Allowing missing item or attributes in operator's itemgetter and attrgetter

Hello!

I was about to refactor some code and was surprised I didn’t have this option. Is not that I need it in a lot of places, but as IMO it totally makes sense, I thought about gathering opinions here.

So, the idea: add a default keyword-only option to attrgetter and itemgetter; if the item or attribute are not present that default would be returned

IOW, today we have that after f = attrgetter('name'), the call f(b) returns b.name, and with this new option we could have that after f = attrgetter('name', default=XYZ), the call f(b) returns getattr(b, 'name', XYZ).

Correspondingly, today we have that after f = itemgetter(2), the call f(r) returns r[2], and with this new option we could have that after f = itemgetter(2, default=XYZ), the call f(r) returns r.get(2, XYZ).

Of course this would also work with multiple items or attributes.

What do you think?

Thanks!

7 Likes

It would partially cover Indexable get method. [1,2,3].get(4) # None.

At least for cases where pre-building getter is sensible.

E.g. it would be a good option to get parameters from sequence:

get_params = itemgetter(*range(5), default=EMPTY)

assert len(sys.argv) <= 5
_, a, b, c, d = get_params(sys.argv)

Apart from that, I use itemgetter and attrgetter extensively and making these more functional would certainly be beneficial.

1 Like

Also, one desirable feature for me would be a flag to always return tuple regardless of how many keys/names/indices were sourced to arguments.
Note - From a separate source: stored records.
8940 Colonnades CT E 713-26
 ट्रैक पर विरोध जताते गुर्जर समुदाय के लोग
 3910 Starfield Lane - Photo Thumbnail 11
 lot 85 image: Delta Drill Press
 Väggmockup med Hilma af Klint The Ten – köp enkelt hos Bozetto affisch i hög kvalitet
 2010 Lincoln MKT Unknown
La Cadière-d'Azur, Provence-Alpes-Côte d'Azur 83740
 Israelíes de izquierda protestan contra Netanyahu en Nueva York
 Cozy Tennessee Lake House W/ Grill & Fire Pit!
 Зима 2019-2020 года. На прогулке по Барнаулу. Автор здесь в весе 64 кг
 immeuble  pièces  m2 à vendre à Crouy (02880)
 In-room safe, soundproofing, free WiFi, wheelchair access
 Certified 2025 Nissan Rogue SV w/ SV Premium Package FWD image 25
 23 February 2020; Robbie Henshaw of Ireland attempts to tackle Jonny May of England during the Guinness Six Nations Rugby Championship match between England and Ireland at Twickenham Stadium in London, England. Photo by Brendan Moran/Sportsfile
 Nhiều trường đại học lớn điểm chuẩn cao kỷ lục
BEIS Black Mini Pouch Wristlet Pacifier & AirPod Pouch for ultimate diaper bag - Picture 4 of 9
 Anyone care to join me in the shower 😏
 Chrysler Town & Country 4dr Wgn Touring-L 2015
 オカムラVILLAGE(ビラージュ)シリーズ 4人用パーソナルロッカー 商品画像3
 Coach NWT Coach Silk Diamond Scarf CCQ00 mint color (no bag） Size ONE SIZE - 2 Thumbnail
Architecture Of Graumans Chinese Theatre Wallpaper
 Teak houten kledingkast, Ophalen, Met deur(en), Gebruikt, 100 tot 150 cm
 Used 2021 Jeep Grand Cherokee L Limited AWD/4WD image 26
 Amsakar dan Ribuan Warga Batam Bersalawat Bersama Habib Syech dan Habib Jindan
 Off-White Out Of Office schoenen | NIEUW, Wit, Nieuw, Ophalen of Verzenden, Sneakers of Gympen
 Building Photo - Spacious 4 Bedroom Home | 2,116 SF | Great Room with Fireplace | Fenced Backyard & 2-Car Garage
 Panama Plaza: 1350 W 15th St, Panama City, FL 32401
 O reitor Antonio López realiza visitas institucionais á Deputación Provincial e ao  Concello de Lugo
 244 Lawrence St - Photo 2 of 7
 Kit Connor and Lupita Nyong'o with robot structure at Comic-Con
The way it is now makes programatic use a bit complicated, needing to make exception when there is only 1 arg. So that the output is consistently a tuple of values.

E.g.:

IG1 = itemgetter(1, return_tuple=True)
print(IG1(['a', 'b']))    # ('b',)

E.g. Used fairly ugly conditional to fix this: gh-124652: partialmethod simplifications by dg-pb · Pull Request #124788 · python/cpython · GitHub

2 Likes

As was previously discussed in Ability to specify default values on itemgetter and attrgetter, I think it’s important to address how default values are specified when multiple items are to be returned.

It can be one default value for all items:

itemgetter('a', 'b', default=0)({}) # returns (0, 0)

Or a mapping of default values:

itemgetter('a', 'b', default={'a': 1, 'b': 0})({}) # returns (1, 0)

Or a tuple of default values:

itemgetter('a', 'b', default=(1, 0))({}) # returns (1, 0)

I’d love to have this feature too, but it should probably be discussed in a separate thread.

2 Likes

Hey everybody! Thanks for your feedback!

I think that having a default on each item opens a lot of complexities in consideration of that we really want to be able to express a simple default.

One item with one default is easy and straightforward, and several items with one overall default is easy to explain and understand.

But the moment we want to tackle multiple defaults, it’s gets more complex and the behaviour is not easily predictable, beyond if we use a dict or a tuple. What if the quantity of items in the default does not match the quantity of items? (or the names, for the case of the dict)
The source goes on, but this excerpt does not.